City grant report highlights need for arm's length arts council

Vancouver council will vote tomorrow on a report that recommends a grant of $60,200 to the Centre for Sustainability to continue to deliver the ArtsPOD (Arts Partners in Organizational Development) program and deliver a pilot program called NEXT Generation Arts Leadership.

The ArtsPOD program, which has been running since 1989, gives grants to non-profit arts and heritage groups for organizational development.

The new NEXT Generation Arts Leadership will help small and medium-sized arts groups ready to create long-term strategies for growth. This program will provide participants with up to $20,000 to invest in their operational structure while they take part in a facilitated development process.

The inaugural cohort for this program has already been selected: the Electric Company, Neworld Theatre, Out on Screen, Gallery Gachet, musica intima, and the Turning Point Ensemble.

The staff report recommending the $60,200 grant notes that the Centre for Sustainability will “consult with staff from the City of Vancouver/Cultural Services for input into the selection of candidates and recipients for the programs and into program development and evaluation.”

The report makes no mention of a jury of peers to decide on grant recipients. One of the reasons why many in the local arts and culture community favour an arm’s-length arts council model for the city is to create  a boundary  between city staff and grants.

As the Cultch’s Heather Redfern noted in an October 9, 2008 article, "I think if you talked to some artists, they might fear for their grants if they were to perhaps stand up to somebody that somehow might influence their grants."

In the same article, then NPA councillor Elizabeth Ball said, “I think we have the best of both worlds, where we actually hire and pay artists to jury the awards, so we don't have our bureaucrats deciding awards.”

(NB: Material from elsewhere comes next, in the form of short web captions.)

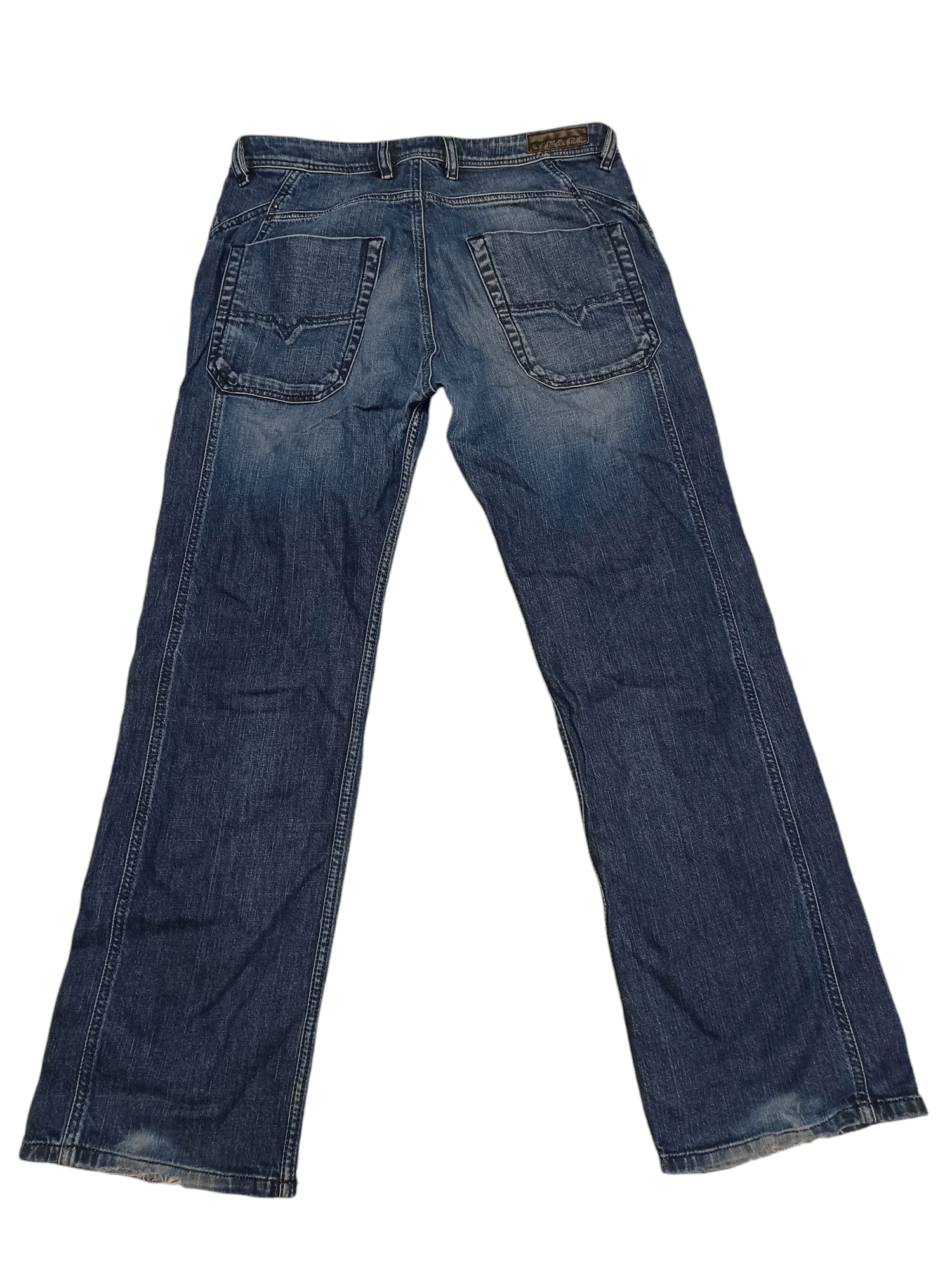 Diesel DIESEL RELAXED W32 VINTAGE AVANT GARDE JEANS DENIM Size US 32 / EU 48 - 2 Thumbnail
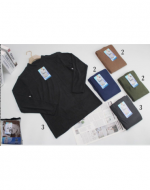 Camiseta de Hombre Colores Surtidos x 12 Unds. Talla: XL/2XL - 3XL/4XL - 5XL/6XL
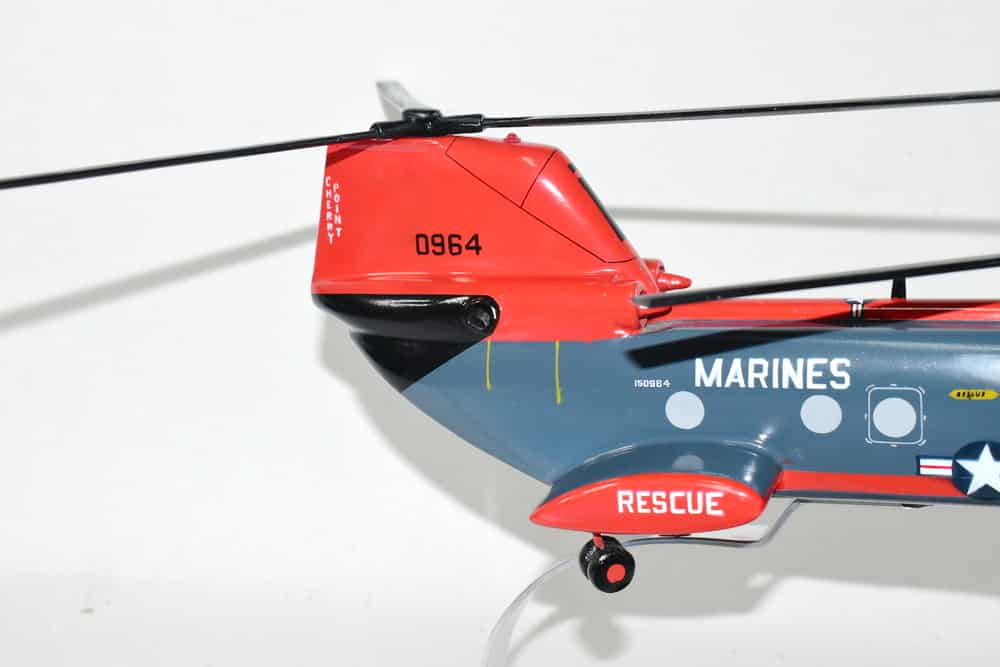 MCAS Beaufort SAR CH-46d Model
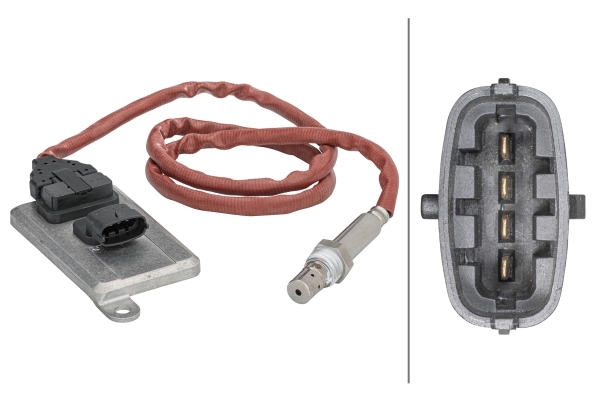 Czujnik NOx HELLA 6PN 358 186-061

On December 10, council passed a motion by councillor Heather Deal  requesting city staff to research different arts council models. Their report is expected in late February.

Comments

1 Comments

kspeakman

Jan 22, 2009 at 3:20pm

RE: Arts Notes January 19.09 - City grant report highlights need for arm's length arts council

For the record:

The Centre for Sustainability is an independent grant-maker engaged in strengthening BC’s not-for-profit organizations at their operating core.

Since 2003, we have delivered capacity building grants to over 550 Aboriginal, health and social service, arts and environmental not-for-profit organizations in British Columbia.

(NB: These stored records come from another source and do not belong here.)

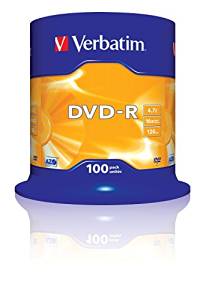 DW271 Płyty DVD Verbatim 43549, 4.7GB, 16 x 100szt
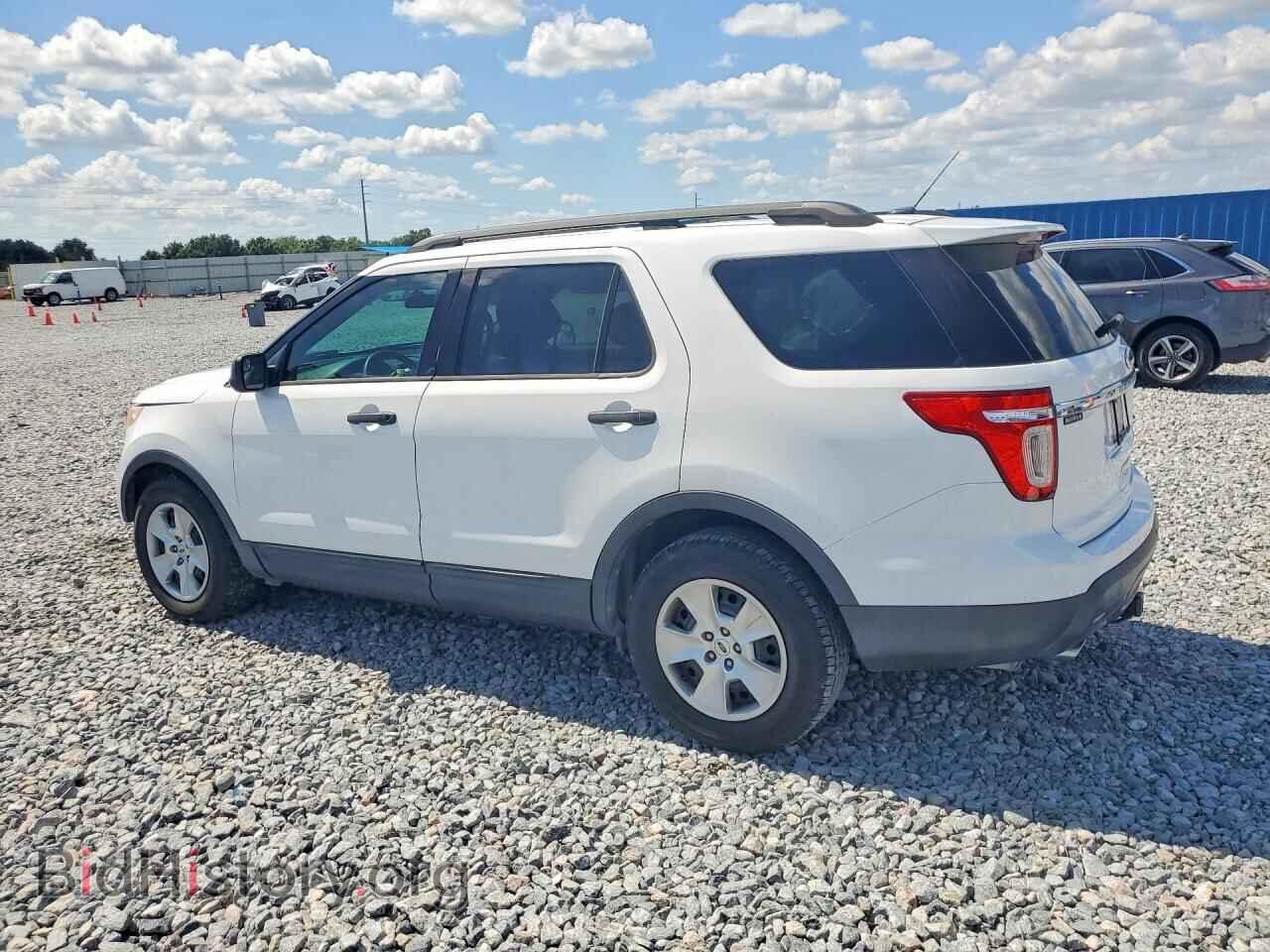 2013 FORD EXPLORER - VIN: 1FM5K7B81DGA44318 - Photo 2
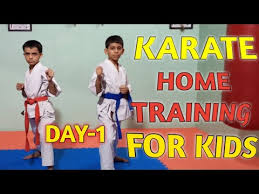 30 minutes karate workout session day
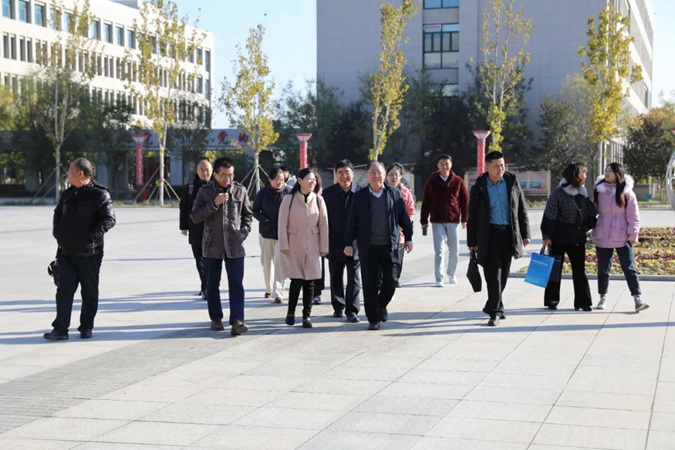 【滨州技校】济南理工学校到滨州市高级技工学校考察交流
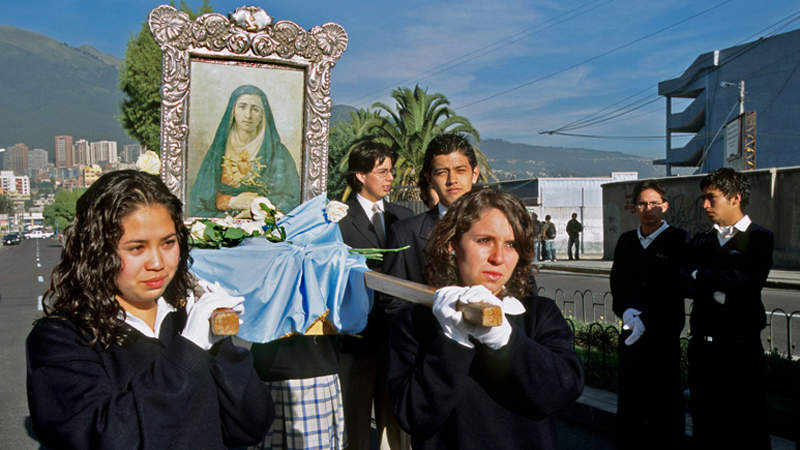 Ecuador: Weihnachtsfeier ohne Jesuskind?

To create our grant programs, we draw on pooled funds provided by over a dozen government and institutional funders; these funders recognize that by combining the relatively modest amounts each one has available for capacity building, they can have a deeper impact.

As an independent charitable foundation, we are able to offer our funders a formal arms’ length relationship with an experienced capacity builder and grant maker; this means that our board, staff and advisors are 100 % accountable for all grant and program decisions. We fully embrace this responsibility, applying our organizational development expertise and our experience in and knowledge of what constitutes responsible grant decision-making.

We are especially proud of our pilot program, the Next Generation Arts Leadership, not only for what it offers an under-resourced segment of the professional arts community, but also because our colleagues at the City of Vancouver, Vancouver Foundation and the BC Arts Council recognized the value of establishing a clear boundary between their funding and our grant decision-making.